Tendon-To-Bone Healing Potential Of Fascia Lata Autograft In Rotator Cuff Reconstruction

Daisuke Mori, MD, Kyoto JAPAN
Masahiko Kobayashi, MD, PhD, Kyoto JAPAN
Yoshikazu Kida, MD, PhD, Kyoto JAPAN

Kyoto Shimogamo Hospital, Kyoto, JAPAN

FDA Status Cleared

Summary

Arthroscopic second-look and histological finding in the revision cases showed good biological healing of facia lata autograft to bone of greater tuberosity

Abstract

Background

Previously, we showed high re-tear rate (89.4%) of reconstructed soft tissue after arthroscopic patch surgery in shoulders with in a group of patients with large
to massive RCTs with Goutallier stage 3 or 4 fatty degeneration of the supraspinatus and the infraspinatus. In assessing magnetic resonance imaging (MRI) findings, we found some unique cases (the fixed fascia graft remained at the anterior portion of the greater tuberosity). Moreover, we had opportunities such as arthroscopic finding and harvesting the fascia graft attached to the greater tuberosity in revision surgeries after the patch procedure. We aimed to examine the characteristic retear patterns after the patch surgery and healing potential of the graft.

Methods

A case series of 45 consecutive patients with large to massive RCTs with high-grade fatty degeneration of the supraspinatus and either low-grade or high-grade fatty degeneration of the infraspinatus treated with the fascia lata autograft patch procedure were evaluated on MRI (MRI group).
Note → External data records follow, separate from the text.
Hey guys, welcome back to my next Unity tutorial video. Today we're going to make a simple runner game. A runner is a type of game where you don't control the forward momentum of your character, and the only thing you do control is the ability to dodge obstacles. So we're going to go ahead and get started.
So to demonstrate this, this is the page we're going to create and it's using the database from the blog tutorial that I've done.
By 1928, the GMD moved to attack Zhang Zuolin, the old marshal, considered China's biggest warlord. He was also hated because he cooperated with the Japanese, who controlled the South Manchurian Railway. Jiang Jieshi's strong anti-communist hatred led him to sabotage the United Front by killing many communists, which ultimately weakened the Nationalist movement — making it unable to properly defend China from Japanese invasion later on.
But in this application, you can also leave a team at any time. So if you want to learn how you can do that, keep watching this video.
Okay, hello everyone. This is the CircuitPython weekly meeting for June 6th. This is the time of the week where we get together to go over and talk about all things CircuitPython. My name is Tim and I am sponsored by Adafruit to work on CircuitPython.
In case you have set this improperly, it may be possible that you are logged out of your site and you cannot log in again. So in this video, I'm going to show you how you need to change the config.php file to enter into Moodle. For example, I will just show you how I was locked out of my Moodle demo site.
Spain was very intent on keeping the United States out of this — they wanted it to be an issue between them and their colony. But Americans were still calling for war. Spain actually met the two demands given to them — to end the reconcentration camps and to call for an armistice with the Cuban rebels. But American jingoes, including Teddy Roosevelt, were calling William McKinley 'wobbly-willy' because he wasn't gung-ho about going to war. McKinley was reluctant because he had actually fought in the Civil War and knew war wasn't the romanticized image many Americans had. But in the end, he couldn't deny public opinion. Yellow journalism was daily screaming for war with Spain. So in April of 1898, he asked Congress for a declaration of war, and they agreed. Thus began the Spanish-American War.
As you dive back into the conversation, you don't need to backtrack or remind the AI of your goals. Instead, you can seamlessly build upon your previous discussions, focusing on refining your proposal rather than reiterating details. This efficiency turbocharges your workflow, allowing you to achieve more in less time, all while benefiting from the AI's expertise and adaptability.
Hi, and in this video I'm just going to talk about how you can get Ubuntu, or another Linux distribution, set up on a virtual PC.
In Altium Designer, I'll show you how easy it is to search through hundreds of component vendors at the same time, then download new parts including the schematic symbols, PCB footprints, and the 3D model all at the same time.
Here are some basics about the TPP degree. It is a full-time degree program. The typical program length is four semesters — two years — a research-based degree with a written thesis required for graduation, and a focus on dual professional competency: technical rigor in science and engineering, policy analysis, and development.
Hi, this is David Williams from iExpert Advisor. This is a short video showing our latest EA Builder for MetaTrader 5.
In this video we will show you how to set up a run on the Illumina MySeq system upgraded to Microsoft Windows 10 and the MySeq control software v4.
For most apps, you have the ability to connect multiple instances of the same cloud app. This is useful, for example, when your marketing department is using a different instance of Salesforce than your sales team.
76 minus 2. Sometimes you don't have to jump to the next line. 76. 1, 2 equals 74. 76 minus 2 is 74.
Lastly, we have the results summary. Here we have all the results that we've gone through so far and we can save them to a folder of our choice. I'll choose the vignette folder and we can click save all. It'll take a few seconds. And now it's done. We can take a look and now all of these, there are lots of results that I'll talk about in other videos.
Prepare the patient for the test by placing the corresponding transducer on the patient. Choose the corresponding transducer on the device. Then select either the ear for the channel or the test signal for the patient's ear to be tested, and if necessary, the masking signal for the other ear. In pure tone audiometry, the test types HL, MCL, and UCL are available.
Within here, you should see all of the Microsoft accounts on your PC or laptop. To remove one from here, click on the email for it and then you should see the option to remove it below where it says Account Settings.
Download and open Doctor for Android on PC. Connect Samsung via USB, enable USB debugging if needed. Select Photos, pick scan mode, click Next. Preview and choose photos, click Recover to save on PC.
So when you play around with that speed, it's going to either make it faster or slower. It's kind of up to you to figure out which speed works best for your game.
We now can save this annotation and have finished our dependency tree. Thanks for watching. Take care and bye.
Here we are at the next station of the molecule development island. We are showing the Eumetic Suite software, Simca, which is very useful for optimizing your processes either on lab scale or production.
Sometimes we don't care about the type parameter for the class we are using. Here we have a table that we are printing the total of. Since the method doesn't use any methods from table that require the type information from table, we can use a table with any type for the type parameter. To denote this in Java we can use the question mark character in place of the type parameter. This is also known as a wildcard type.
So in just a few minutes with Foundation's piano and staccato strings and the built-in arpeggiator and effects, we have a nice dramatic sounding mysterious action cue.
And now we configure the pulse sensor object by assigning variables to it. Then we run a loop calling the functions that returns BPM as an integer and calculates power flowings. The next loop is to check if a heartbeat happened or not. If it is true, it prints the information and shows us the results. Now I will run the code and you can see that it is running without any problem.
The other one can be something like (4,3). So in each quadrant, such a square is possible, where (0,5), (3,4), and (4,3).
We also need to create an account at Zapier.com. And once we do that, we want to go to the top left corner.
According to retear patterns on MRI, cases were divided into type 1 (cuff tissue or the graft at the insertion site of rotator cuff was not observed remaining on the greater tuberosity) and type 2 (the graft and/or repaired native tendon remained at the insertion site in spite of reconstructed soft tissue retear). One case was arthroscopically evaluated at the time of Debeyer-Patte Procedure after the patch procedure (case 1). In two case at the time of reverse shoulder arthroplasty after the patch procedure, we harvested anterior portion of the greater tuberosity covered with the repaired the graft (case 2 and 3). The specimens were fixed with 10% formalin and decalcifie in an ethylenediaminetetraacetic acid solution for 4 weeks at room temperature and embedded in paraffin. Serial coronal sections were cut parallel to the long axis of the patched graft and stained with hematoxylin and eosin (HE) for light microscopic examination.

Results

In the MRI group, four cases (8.9%) had type 1 and 41 cases (89.1%) type 2 (p < 0.0001). For arthroscopic finding of case 1 with the type 2 MRI finding, the repaired graft was seen on the anterior portion of the greater tuberosity. Retear pattern of case 2 and 3 were also type 2 which were confirmed by MRI and surgical findings. Histological analysis of greater tuberosity and patched graft showed solid continuity of the graft to bone with tidemark and rich alive cells in the collagen matrix oriented parallel (case 2 and 3).

Discussion

and Conclusions: Based on MRI findings in the present study, the soft tissue conjunction between the fascia autograft and native tendons ruptured in at least 41 cases (89.1%) retear, but the graft seemed to remain at the anterior greater tuberosity. Based on arthroscopic finding in the case 1, the graft was attached to the greater tuberosity in spite of retracted native tendons. The histological analysis in two revision cases showed good biological healing of fascia autograft to bone of greater tuberosity. In both cases retear were found at the side of retracted native tendons. Fascia autograft has a good potential of tendon to bone healing.